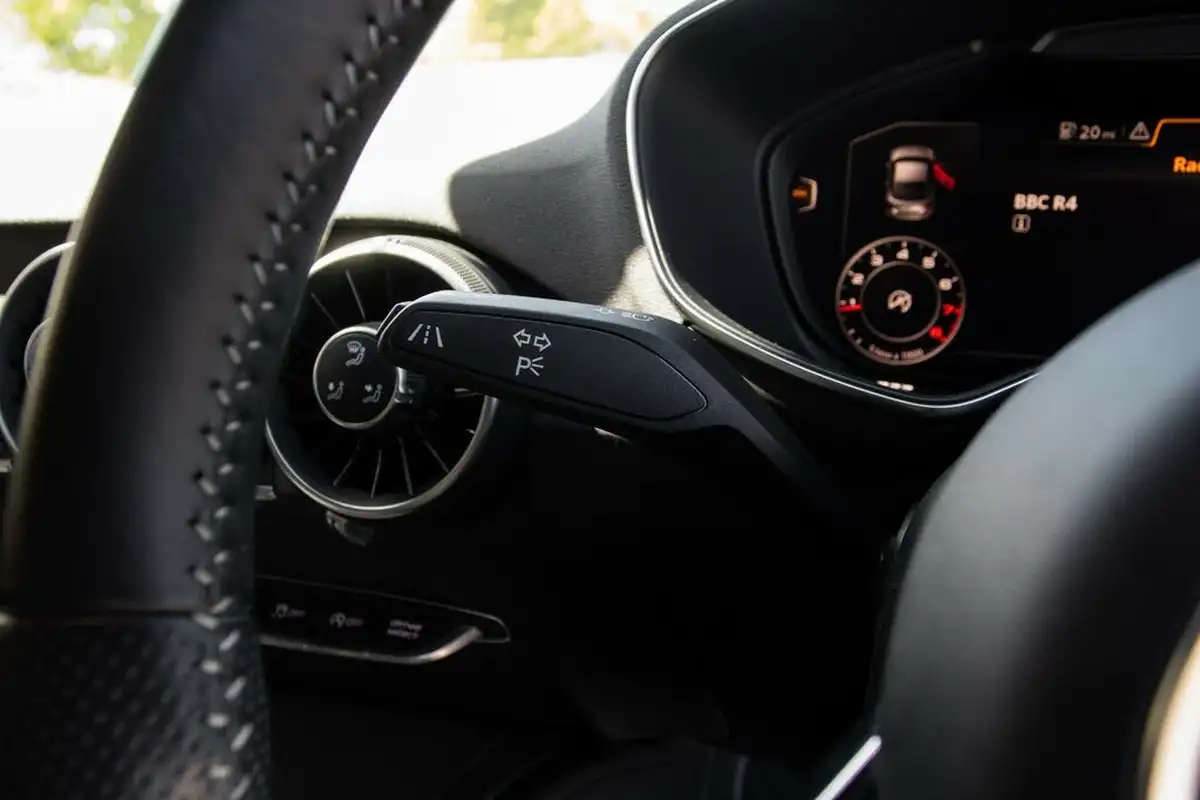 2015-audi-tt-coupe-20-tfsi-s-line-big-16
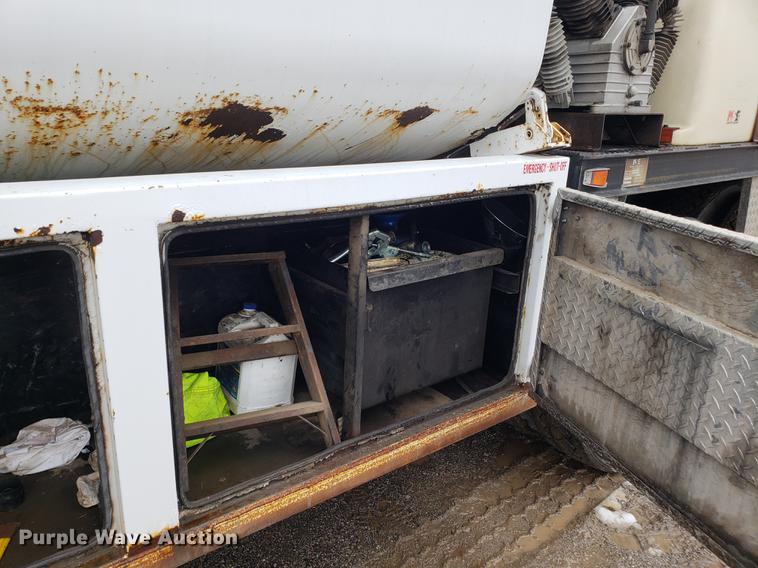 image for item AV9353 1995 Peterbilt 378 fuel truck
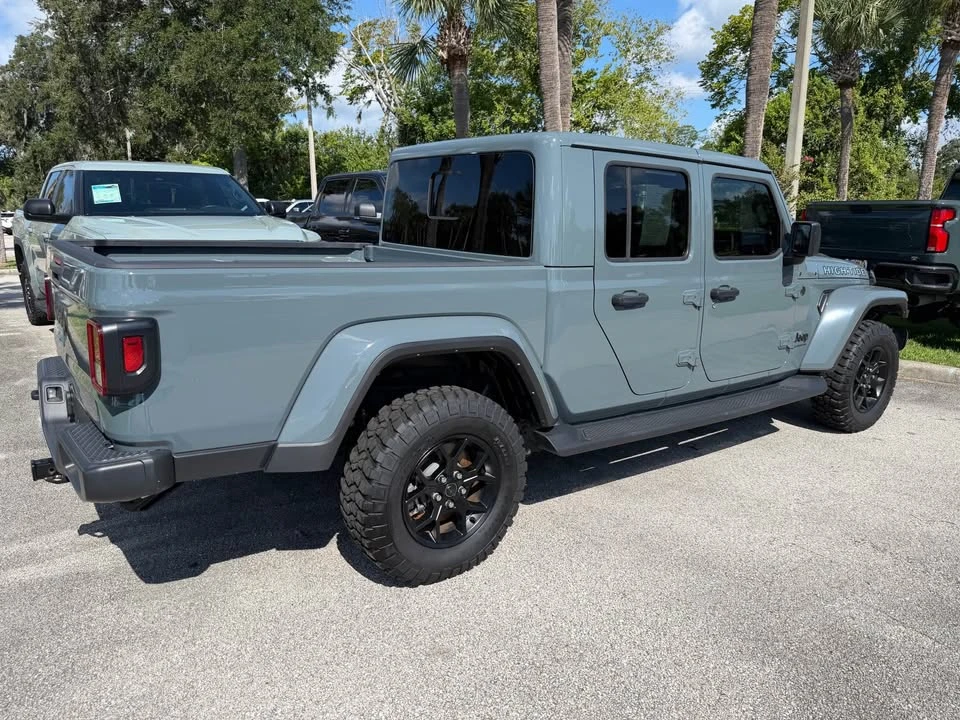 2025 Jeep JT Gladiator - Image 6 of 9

• _Work instructions_: Quote the material exactly. Pictures stay out.

• _Task output_:
 2015-audi-tt-coupe-20-tfsi-s-line-big-16
 image for item AV9353 1995 Peterbilt 378 fuel truck
 2025 Jeep JT Gladiator - Image 6 of 9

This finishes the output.